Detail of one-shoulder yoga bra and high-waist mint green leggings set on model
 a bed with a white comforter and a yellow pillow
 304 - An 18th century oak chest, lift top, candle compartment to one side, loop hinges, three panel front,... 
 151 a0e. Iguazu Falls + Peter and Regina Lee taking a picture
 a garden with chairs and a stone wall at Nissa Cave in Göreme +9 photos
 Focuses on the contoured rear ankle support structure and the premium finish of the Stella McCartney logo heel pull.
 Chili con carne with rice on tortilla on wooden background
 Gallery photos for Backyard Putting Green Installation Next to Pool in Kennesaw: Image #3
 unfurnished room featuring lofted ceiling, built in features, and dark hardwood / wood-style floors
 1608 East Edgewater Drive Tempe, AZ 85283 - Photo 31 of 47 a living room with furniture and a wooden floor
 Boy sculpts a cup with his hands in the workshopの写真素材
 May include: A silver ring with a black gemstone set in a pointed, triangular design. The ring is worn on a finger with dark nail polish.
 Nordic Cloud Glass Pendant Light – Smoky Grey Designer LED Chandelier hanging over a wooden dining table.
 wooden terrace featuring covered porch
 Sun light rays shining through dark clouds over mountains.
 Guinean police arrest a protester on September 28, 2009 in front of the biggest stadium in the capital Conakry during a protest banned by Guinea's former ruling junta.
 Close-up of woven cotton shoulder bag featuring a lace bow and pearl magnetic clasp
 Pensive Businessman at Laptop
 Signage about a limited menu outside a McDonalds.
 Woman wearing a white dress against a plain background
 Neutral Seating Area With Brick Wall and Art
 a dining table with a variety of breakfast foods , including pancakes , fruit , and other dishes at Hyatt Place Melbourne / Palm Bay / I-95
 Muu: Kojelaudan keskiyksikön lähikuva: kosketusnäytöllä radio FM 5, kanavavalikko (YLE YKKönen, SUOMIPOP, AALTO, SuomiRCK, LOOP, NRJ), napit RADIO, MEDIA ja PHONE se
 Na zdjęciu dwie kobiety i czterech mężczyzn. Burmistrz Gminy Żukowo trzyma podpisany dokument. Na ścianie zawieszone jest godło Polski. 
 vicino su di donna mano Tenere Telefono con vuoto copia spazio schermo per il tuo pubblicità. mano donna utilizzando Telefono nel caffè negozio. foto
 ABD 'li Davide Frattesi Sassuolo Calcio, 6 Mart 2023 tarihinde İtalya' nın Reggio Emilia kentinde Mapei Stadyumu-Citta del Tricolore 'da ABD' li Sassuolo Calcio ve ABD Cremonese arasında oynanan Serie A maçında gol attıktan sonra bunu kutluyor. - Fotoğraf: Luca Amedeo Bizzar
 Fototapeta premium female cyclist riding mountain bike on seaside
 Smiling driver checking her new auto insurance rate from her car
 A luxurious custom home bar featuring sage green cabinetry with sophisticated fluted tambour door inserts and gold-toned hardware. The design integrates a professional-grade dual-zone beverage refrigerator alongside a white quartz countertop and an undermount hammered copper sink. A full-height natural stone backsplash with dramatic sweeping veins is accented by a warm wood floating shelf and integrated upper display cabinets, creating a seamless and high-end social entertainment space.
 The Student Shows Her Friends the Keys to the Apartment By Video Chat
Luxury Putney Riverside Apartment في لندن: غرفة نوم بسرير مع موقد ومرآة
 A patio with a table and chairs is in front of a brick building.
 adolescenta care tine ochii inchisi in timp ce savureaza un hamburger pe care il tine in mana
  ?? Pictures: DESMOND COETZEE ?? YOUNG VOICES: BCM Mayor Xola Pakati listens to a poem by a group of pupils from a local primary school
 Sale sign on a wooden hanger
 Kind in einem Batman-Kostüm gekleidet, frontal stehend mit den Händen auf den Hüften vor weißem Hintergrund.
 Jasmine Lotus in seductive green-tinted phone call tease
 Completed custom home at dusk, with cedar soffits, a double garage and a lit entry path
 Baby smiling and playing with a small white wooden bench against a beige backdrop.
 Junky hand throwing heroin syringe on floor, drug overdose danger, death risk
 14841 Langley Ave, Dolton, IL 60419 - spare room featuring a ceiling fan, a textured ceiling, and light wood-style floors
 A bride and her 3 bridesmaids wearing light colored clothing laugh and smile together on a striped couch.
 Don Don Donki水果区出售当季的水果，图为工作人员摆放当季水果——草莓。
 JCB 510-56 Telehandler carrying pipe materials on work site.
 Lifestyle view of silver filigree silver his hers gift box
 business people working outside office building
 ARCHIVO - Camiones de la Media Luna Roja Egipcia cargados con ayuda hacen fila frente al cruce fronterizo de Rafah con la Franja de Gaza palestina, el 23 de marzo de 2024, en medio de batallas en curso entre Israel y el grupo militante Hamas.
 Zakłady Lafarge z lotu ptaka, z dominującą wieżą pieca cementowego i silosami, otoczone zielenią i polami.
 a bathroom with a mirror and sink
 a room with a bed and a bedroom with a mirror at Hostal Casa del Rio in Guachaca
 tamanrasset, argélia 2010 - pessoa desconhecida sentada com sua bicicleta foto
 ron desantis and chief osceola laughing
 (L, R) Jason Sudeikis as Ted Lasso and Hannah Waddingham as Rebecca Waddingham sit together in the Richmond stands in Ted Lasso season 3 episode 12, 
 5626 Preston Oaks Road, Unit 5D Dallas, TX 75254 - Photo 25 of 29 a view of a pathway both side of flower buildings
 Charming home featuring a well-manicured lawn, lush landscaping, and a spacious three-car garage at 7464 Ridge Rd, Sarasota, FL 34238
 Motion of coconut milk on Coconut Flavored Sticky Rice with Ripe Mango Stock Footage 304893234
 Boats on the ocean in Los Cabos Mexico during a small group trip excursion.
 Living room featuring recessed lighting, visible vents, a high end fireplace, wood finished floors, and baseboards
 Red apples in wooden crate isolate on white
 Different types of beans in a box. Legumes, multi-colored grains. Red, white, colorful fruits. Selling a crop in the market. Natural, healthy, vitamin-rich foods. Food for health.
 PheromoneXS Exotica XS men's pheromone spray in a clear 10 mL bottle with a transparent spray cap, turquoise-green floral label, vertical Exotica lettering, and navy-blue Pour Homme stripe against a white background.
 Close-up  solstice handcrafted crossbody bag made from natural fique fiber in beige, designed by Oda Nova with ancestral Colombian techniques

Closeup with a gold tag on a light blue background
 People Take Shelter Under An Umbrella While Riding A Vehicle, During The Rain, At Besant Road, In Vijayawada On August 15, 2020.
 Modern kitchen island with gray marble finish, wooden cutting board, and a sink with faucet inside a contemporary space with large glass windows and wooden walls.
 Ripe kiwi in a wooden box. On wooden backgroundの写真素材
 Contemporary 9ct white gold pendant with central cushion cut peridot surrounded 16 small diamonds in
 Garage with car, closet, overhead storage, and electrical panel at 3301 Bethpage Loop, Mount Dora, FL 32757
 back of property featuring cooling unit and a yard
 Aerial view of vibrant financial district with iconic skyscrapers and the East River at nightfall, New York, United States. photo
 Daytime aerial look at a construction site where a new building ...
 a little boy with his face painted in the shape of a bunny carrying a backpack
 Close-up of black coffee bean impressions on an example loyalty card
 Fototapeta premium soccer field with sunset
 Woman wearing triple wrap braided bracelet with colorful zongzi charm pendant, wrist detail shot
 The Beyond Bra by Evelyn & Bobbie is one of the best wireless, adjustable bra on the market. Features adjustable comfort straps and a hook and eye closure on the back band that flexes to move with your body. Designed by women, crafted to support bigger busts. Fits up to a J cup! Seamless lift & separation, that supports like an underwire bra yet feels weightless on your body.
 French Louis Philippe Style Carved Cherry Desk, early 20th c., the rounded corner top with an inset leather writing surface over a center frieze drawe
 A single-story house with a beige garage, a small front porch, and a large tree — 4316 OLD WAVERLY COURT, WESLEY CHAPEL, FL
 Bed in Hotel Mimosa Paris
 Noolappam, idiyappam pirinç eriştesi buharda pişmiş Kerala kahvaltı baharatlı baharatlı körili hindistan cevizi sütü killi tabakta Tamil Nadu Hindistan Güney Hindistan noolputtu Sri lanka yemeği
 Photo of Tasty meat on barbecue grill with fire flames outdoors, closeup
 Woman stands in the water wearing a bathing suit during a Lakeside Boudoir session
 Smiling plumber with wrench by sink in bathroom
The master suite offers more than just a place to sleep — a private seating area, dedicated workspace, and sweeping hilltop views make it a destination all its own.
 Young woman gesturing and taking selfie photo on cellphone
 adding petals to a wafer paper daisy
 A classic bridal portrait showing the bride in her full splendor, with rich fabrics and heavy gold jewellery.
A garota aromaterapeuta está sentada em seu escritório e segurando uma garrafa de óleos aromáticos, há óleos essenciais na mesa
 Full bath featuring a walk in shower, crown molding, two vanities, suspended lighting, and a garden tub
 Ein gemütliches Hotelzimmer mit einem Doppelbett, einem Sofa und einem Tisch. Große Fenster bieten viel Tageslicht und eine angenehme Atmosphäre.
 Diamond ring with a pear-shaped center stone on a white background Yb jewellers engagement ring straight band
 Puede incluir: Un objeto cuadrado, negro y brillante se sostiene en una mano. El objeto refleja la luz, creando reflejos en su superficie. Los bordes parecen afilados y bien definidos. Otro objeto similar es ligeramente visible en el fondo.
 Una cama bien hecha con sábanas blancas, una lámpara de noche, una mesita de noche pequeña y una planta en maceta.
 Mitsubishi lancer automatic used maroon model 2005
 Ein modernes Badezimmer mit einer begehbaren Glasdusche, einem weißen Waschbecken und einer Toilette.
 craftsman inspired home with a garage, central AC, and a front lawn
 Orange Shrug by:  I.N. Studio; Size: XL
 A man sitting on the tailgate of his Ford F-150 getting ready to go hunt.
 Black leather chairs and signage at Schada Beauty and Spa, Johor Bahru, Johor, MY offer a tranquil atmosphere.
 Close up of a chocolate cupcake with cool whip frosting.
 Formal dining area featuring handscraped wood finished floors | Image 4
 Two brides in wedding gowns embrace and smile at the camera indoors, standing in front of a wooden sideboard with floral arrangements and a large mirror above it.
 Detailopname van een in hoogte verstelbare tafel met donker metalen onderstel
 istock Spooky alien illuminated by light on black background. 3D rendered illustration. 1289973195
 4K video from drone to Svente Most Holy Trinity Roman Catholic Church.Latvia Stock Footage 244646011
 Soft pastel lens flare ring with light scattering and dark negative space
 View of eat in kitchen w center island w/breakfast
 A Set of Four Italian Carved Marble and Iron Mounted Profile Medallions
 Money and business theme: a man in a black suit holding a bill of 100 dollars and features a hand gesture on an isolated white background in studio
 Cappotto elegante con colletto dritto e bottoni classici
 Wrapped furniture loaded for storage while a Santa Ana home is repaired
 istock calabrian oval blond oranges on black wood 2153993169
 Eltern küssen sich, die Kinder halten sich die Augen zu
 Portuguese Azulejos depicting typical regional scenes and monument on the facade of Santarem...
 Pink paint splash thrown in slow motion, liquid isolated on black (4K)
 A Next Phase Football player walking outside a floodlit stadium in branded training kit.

§ **EXERCISE AIM**: Out of the material above, output word for word the line with "Photo of Tasty", the line with "craftsman inspired home", and all lines between them, with nothing else.

§ **ANSWER BOX**:
 Photo of Tasty meat on barbecue grill with fire flames outdoors, closeup
 Woman stands in the water wearing a bathing suit during a Lakeside Boudoir session
 Smiling plumber with wrench by sink in bathroom
The master suite offers more than just a place to sleep — a private seating area, dedicated workspace, and sweeping hilltop views make it a destination all its own.
 Young woman gesturing and taking selfie photo on cellphone
 adding petals to a wafer paper daisy
 A classic bridal portrait showing the bride in her full splendor, with rich fabrics and heavy gold jewellery.
A garota aromaterapeuta está sentada em seu escritório e segurando uma garrafa de óleos aromáticos, há óleos essenciais na mesa
 Full bath featuring a walk in shower, crown molding, two vanities, suspended lighting, and a garden tub
 Ein gemütliches Hotelzimmer mit einem Doppelbett, einem Sofa und einem Tisch. Große Fenster bieten viel Tageslicht und eine angenehme Atmosphäre.
 Diamond ring with a pear-shaped center stone on a white background Yb jewellers engagement ring straight band
 Puede incluir: Un objeto cuadrado, negro y brillante se sostiene en una mano. El objeto refleja la luz, creando reflejos en su superficie. Los bordes parecen afilados y bien definidos. Otro objeto similar es ligeramente visible en el fondo.
 Una cama bien hecha con sábanas blancas, una lámpara de noche, una mesita de noche pequeña y una planta en maceta.
 Mitsubishi lancer automatic used maroon model 2005
 Ein modernes Badezimmer mit einer begehbaren Glasdusche, einem weißen Waschbecken und einer Toilette.
 craftsman inspired home with a garage, central AC, and a front lawn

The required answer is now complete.